Странно разливалось, ширилось это чувство укрытости и уюта. О, конечно, тело его, столь прочно окруженное заботой и уходом, было сосудом распада, неостановимого, на глазах вершащегося распада, но знание о зеркальном отражении позволяло ему и сохранять свою оболочку, свой образ — образ невесомый и парящий, парящий, но и укрытый в пространстве между прошлым и грядущим, умиротворенно слившийся с тем и другим, и уже сам он стал зеркалом, стал умиротворенностью, стал вечносущим эфиром — мерным дыханьем покоя, вечным взглядом в небесную синь.

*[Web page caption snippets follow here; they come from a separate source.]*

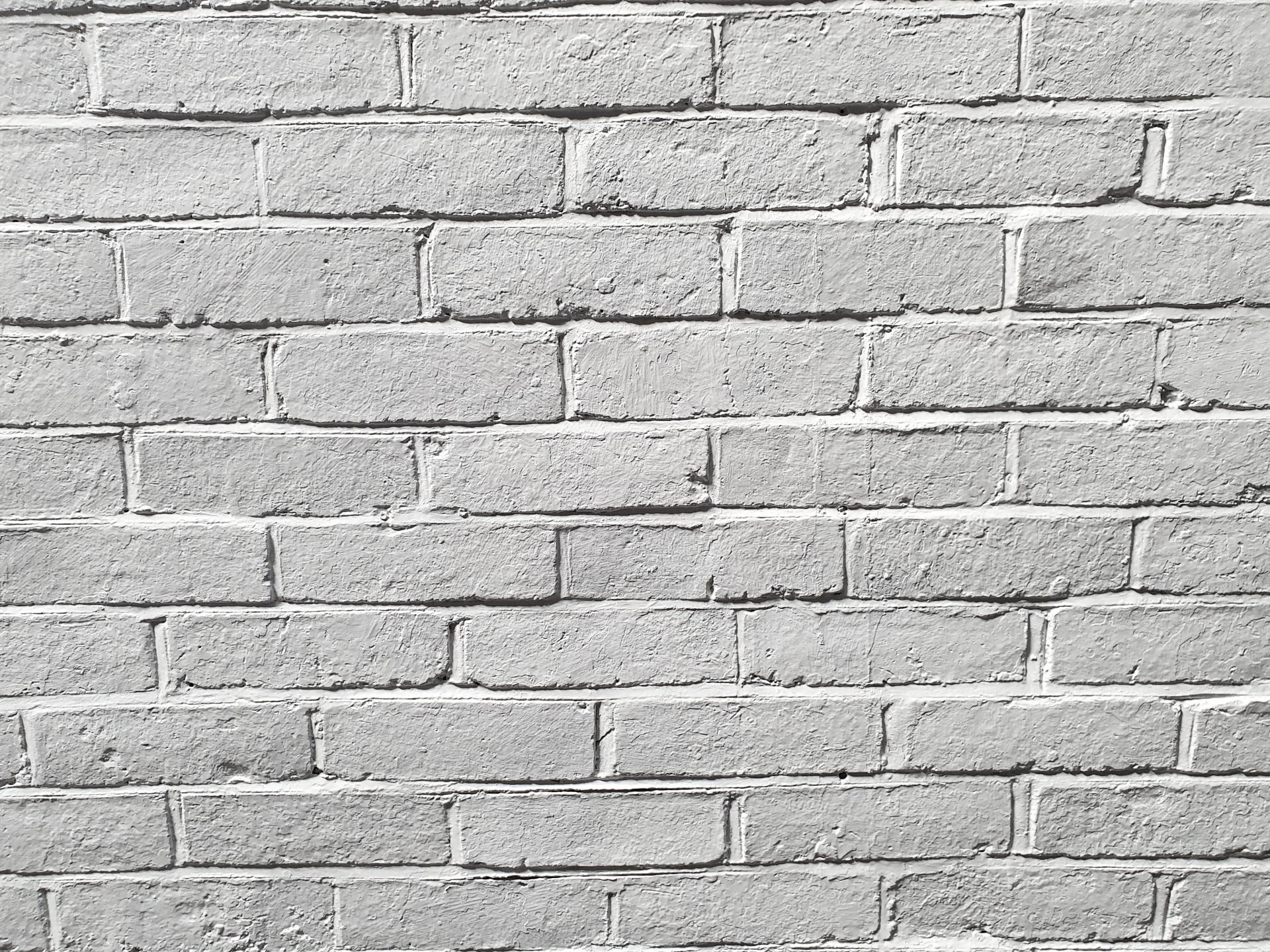 Bílá cihlová zeď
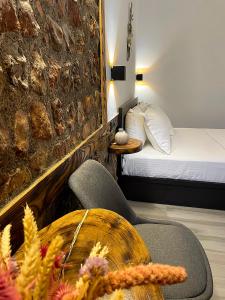 a room with a bed and a chair and a table at Archontiko Kantilis in Díon +28 photos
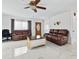 Bright living room with marble floors, brown leather couches, and a coffee table at 312 E Tarpon Nw Blvd, Port Charlotte, FL 33952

И хотя все совершавшееся вокруг, все это хлопотливо-бесшумное попеченье будто относилось уже к некой прозрачной бестелесности, хотя здесь будто светло и игриво возводилось сооружение из воздушных, эфемерных подпорок, остов без основанья — разве что сама невесомость была основаньем, — и хотя вся эта суета походила скорее на гигантскую и поистине призрачную работу по возведению укрытия, коему уже нечего было в себе укрывать, нечего в себе заключать, кроме чего-то очень расплывчатого, очень текучего — зеркального отражения пустоты, — все же помимо и поверх всего этого было такое ощущение, что эта зеркальная расплывчатость и текучесть, эта уже почти необратимая отрешенность, вопреки ее самоотрешению, в самый последний миг, на самой грани распада вдруг будто чудом оказывалась спасенной от распада и вновь удержанной в себе самой — словно форму и образ дало ей некое знанье, которое хоть и было само лишь зеркальным знаньем, но все же обладало еще достаточной земною силой, чтобы принять саму неуловимую призрачность под свое хранительное крыло и, укрыв ее, еще раз вернуть ей прежнюю реальность. Ибо деяние, движимое любовью и долгом, даже и в последнем, затухающем отблеске своем обладает созидательной, творящей реальность силой; и будь оно всего лишь, как здесь, обманчивым отраженьем себя самого, лишь игрой в исцеленье, никого не исцеляющей, лишь последней игрой у врат смерти, — оно и тогда еще есть незримая суть миров, творчески преобразующая знание в познание, укрытие в откровение; и, порождая форму силою оформления, оно возвращает ее земному бытию такой устойчивой и могучей, что это земное бытие, в странно реальной яви своей полное как самого необычайного, так и самого будничного, становится зеркальным образом себя самого и в то же время зеркальным образом человека, отражая одновременно и душу и мир.